Why is this code in install_drupal()?

I think it should be in install_begin_request(), somewhere closer to where the rest of the files are loaded and the rest of the initialization is performed.

carlos8f’s picture

@David wouldn't putting lock_init in install_begin_request() be less friendly to systems that use install_drupal() as an API, such as drush?

Anonymous’s picture

holy crap, that precedence things always bites me, thanks carlos8f. i'm not sure i can RTBC this, but it feels close.

David_Rothstein’s picture

@carlos8f: install_drupal() calls install_begin_request(), so everyone will get it. It's an issue of code organization, really - all the other systems are loaded/initialized from there, so why should this one be different?

carlos8f’s picture

Oh, it would've helped to look at the code :P

Yes, variable_initialize() moving to install_begin_request() makes a lot of sense. lock.inc as a pluggable system should be loaded just after DRUPAL_BOOTSTRAP_CONFIGURATION, ideally.

Status: Needs review » Needs work

The last submitted patch, 973436-24-variable-cache-rebuild.patch, failed testing.

carlos8f’s picture

Status: Needs work » Needs review
FileSize
5.01 KB

Rerolled to move lock initialization to install_begin_request().

Anonymous’s picture

looks fine to me. i think this is ready, but i don't think i should RTBC it.

catch’s picture

Status: Needs review » Reviewed & tested by the community

Looks ready to me as well. Looking at the patch now it's pretty far from my original one, and I haven't made any actual changes to the logic here since #6, so I'm going to go ahead and mark it RTBC.

chx pointed out (in irc, don't think it made it into a comment) that this is the only place in core where a cache clear triggers a rebuild after the write, instead of just clearing on the next request, in case Dries or webchick also questions this, here's some (more) justification for that:

- variable_initialize() happens very, very early in the bootstrap, and it's needed for both cached and uncached page requests (unless you manually tweak settings.php variables or use varnish).

- having no locking leads to stampedes and PHP errors with database caching, and could lead to performance issues on high traffic sites since it's quite expensive to build, and a very large cache array to set.

- having the locking just by itself, puts us in the situation of having a global read lock and hanging apache processes for every single request (to both cached and uncached pages) across a site - this is very easy to reproduce with Jeremy's debug patches above.

- since we load the entire variable table into cache at one go and can't afford stale cache entries, there is no option apart from either a regression to the stampede, or a global lock somewhere

- therefore the patch avoids both stampedes and hanging processes, by moving the locking and cache rebuilding to variable_set() and variable_del().

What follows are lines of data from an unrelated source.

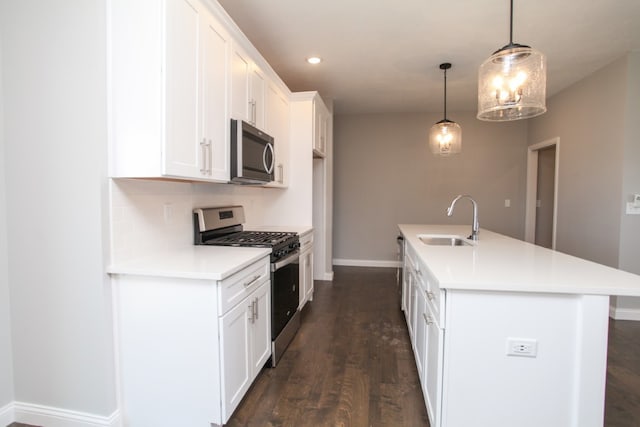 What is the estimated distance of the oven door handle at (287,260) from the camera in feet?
7.68

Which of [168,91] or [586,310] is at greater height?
[168,91]

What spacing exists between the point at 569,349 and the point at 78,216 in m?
2.34

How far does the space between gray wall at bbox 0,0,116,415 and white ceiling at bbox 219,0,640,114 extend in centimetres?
117

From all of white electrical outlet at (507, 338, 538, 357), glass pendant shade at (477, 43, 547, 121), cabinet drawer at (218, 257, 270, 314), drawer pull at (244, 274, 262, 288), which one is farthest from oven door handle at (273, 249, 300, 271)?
glass pendant shade at (477, 43, 547, 121)

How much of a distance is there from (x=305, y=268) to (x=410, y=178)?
299 centimetres

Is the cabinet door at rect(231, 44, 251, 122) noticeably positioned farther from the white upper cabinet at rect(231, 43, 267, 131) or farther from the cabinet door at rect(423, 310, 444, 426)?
the cabinet door at rect(423, 310, 444, 426)

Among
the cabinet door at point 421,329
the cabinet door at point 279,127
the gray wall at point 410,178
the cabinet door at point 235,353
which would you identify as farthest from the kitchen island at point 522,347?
the gray wall at point 410,178

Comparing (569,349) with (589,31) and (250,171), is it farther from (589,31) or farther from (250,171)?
(589,31)

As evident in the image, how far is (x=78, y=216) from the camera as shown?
1.65m

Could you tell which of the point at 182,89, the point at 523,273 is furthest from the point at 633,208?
the point at 182,89

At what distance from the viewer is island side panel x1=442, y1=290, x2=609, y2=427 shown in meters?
1.40

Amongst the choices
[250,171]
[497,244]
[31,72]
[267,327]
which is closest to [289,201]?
[250,171]

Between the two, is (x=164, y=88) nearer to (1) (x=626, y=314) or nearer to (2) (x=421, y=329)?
(2) (x=421, y=329)

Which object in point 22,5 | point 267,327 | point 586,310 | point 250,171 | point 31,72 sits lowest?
point 267,327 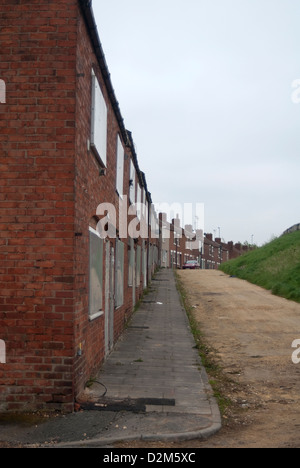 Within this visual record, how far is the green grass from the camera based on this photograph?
2520cm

In the case of a cold start situation, we prevent the original stampede by not writing to the variable cache with more than one thread at a time on reads too, others read from the table but don't try to write back to cache. This situation will be much rarer since the majority of variable cache clears are from del/set anyway.

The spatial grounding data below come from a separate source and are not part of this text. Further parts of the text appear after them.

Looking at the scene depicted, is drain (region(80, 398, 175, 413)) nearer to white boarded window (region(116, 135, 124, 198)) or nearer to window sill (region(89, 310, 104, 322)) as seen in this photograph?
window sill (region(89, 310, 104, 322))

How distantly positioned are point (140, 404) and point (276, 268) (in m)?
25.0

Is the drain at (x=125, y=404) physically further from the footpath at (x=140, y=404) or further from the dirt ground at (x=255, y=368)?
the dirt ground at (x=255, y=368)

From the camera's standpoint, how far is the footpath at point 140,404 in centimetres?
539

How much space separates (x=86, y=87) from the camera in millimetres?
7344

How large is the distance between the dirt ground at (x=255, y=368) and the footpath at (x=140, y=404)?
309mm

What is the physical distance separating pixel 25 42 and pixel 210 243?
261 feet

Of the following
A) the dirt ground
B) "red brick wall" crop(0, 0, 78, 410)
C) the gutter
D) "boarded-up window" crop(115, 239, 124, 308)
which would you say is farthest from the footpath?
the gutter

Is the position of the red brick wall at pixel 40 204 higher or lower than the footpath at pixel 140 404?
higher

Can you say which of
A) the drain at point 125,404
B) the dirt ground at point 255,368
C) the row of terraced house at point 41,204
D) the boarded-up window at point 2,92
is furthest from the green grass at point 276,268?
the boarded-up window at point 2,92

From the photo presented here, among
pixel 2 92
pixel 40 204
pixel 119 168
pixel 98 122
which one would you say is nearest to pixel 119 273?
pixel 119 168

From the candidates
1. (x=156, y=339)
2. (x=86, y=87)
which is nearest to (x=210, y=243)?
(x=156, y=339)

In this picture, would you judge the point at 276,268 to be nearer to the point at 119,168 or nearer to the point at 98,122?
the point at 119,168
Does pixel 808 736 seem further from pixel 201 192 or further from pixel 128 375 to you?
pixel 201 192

- we still don't have any way to test the locking framework with simpletest, however there is less locking, and further away from the critical path with this patch, than there currently is in HEAD.

carlos8f’s picture

this is very easy to reproduce with Jeremy's debug patches above.

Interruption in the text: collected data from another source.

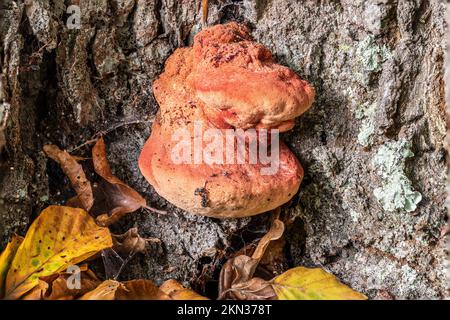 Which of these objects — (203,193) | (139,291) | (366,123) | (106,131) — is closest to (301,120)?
(366,123)

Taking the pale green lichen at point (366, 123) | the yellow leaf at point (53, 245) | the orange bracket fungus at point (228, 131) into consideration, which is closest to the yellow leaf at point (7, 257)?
the yellow leaf at point (53, 245)

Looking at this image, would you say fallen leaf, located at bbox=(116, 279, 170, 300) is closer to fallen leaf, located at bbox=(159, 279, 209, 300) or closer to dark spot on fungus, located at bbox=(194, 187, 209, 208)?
fallen leaf, located at bbox=(159, 279, 209, 300)

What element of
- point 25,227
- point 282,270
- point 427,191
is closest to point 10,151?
point 25,227

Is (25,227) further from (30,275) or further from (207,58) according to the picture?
(207,58)

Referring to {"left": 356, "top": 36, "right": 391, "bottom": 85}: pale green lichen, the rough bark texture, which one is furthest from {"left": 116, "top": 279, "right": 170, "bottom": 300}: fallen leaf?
{"left": 356, "top": 36, "right": 391, "bottom": 85}: pale green lichen

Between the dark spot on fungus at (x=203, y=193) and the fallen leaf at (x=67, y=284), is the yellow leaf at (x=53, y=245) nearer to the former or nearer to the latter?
the fallen leaf at (x=67, y=284)

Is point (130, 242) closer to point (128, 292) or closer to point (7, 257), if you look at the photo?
point (128, 292) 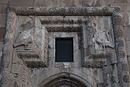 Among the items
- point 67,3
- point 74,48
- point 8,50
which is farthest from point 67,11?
point 8,50

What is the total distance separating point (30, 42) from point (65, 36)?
1.12 meters

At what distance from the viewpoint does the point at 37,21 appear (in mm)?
6625

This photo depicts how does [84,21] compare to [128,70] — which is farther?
[84,21]

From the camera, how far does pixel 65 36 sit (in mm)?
6742

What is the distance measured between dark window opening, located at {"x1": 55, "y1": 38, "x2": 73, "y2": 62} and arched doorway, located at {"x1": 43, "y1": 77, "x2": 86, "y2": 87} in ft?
1.91

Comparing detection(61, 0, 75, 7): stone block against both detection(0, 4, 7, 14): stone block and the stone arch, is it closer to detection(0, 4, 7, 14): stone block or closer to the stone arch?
detection(0, 4, 7, 14): stone block

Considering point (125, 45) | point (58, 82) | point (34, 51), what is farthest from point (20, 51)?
point (125, 45)

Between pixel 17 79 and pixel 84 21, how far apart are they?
102 inches

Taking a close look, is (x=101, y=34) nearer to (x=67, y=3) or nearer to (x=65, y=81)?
(x=67, y=3)

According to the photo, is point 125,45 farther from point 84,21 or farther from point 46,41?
point 46,41

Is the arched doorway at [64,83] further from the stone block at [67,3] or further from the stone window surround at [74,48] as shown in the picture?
the stone block at [67,3]

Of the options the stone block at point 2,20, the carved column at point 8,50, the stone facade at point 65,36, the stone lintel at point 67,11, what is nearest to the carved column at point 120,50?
the stone facade at point 65,36

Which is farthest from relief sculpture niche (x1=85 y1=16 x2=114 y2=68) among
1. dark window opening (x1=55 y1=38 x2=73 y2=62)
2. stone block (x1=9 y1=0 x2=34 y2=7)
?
stone block (x1=9 y1=0 x2=34 y2=7)

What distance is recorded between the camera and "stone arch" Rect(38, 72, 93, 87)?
6.05 metres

I think you mean Jeremy's debug patches in #886488: [D7] Add stampede protection for css and js aggregation? :)

We have these three performance/stampede-protection patches left in the queue:

#802446: Cache stampede protection: drupal_render() and page cache
#886488: [D7] Add stampede protection for css and js aggregation
#973436: Overzealous locking in variable_initialize()

Although they look good from a logic and code review standpoint, I am a little nervous at the prospect of these getting committed just before release, and having very little real-life testing to indicate that they actually improve concurrency and minimize load. I emphasize real-life because it's hard to test the organic nature of traffic and concurrency in a controlled test. If we can conduct a test either on a real traffic-heavy site, or in a controlled test that can test for locking/multiple threads across multiple URLs, I would be more confident. Any ideas on how we could go about that testing?

carlos8f’s picture

sun’s picture

Status: Reviewed & tested by the community » Needs work
+++ includes/bootstrap.inc	5 Dec 2010 00:27:17 -0000
@@ -725,43 +725,6 @@ function drupal_get_filename($type, $nam
@@ -786,6 +749,34 @@ function variable_get($name, $default = 

@@ -786,6 +749,34 @@ function variable_get($name, $default = 
+function variable_initialize($conf = array()) {

I agree that this function should be moved closer to the corresponding functions, but why is _initialize() moved below _get()?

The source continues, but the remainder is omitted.